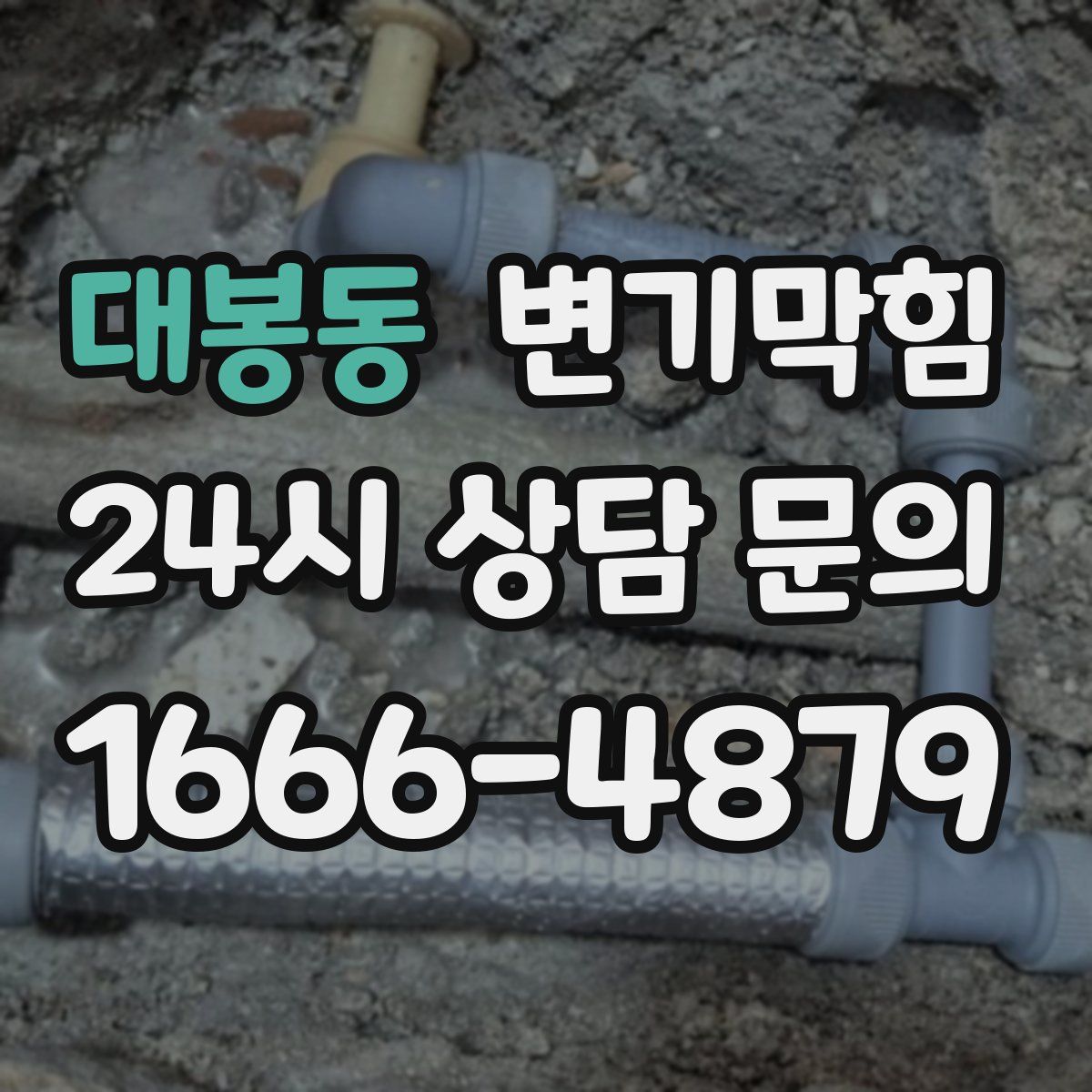 대봉동 변기막힘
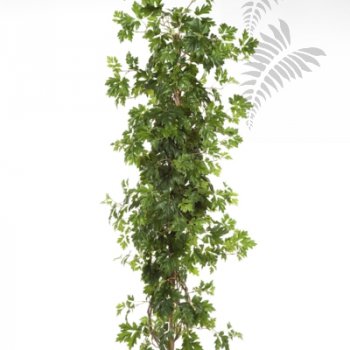 Preview: CISSUS PLANT 43305N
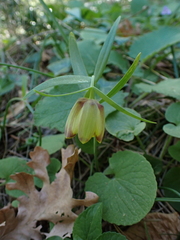 Fritillaria pontica, photograph (c) Skjold Søndergaard, some rights reserved (CC BY)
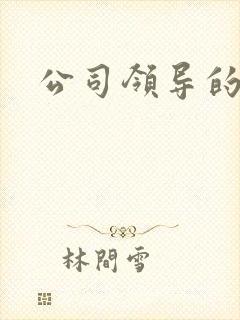 公司领导的老婆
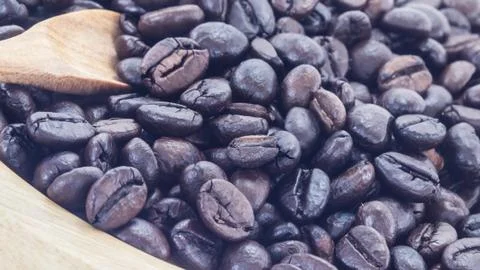 Coffee bean Stock Photos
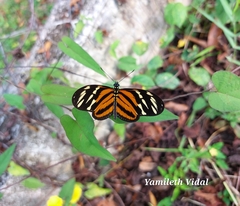 Eueides isabella eva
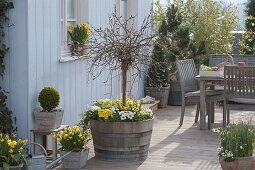 Wooden barrel planted with Salix caprea 'Pendula' (catkin willow)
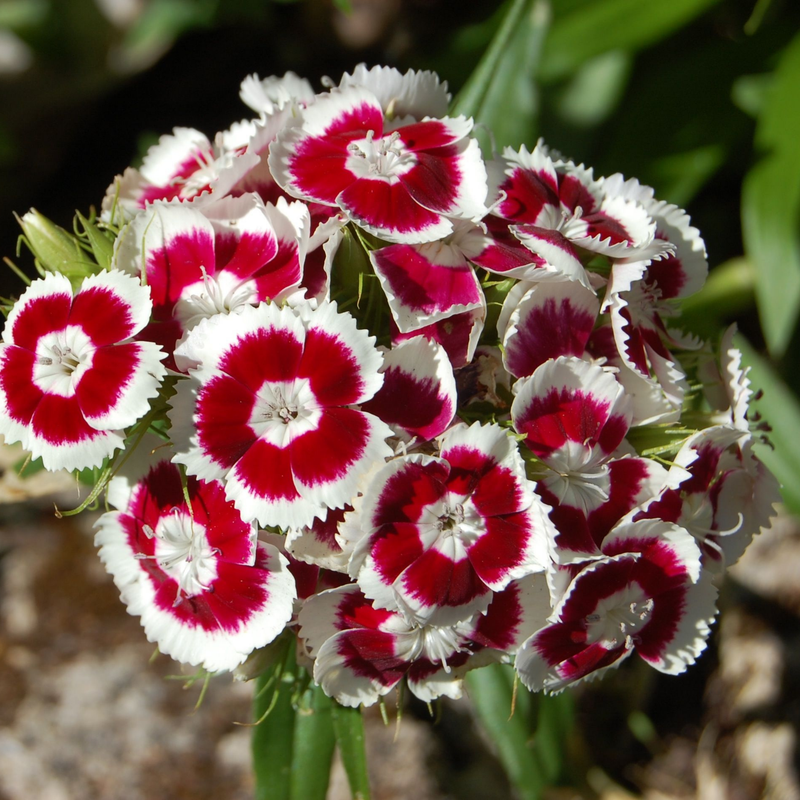 Baking with Flowers Seed Collection Seeds Piccolo Seeds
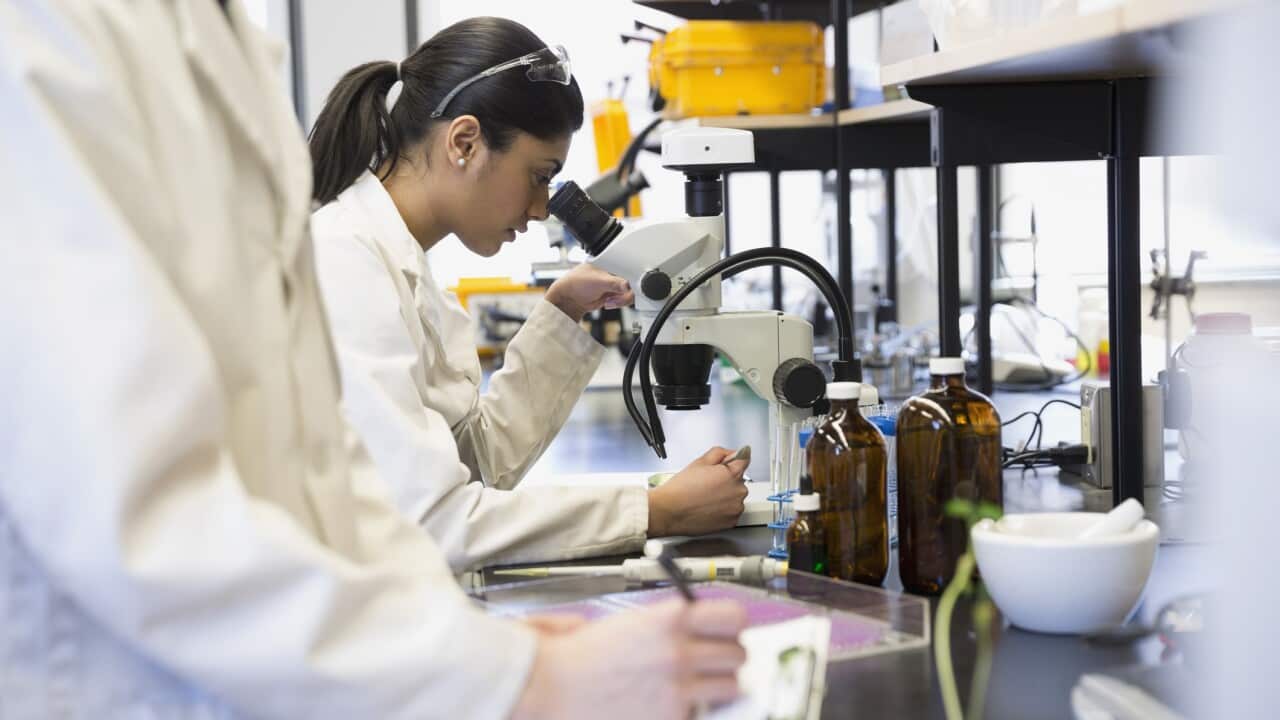 Image for read more article 'Información relacionada'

- _Exercise_: Give back every record above word for word, dropping pictures.

- _Problem solution_:
 대봉동 변기막힘
 Preview: CISSUS PLANT 43305N
 Fritillaria pontica, photograph (c) Skjold Søndergaard, some rights reserved (CC BY)
 公司领导的老婆
 Coffee bean Stock Photos
 Eueides isabella eva
 Wooden barrel planted with Salix caprea 'Pendula' (catkin willow)
 Baking with Flowers Seed Collection Seeds Piccolo Seeds
 Image for read more article 'Información relacionada'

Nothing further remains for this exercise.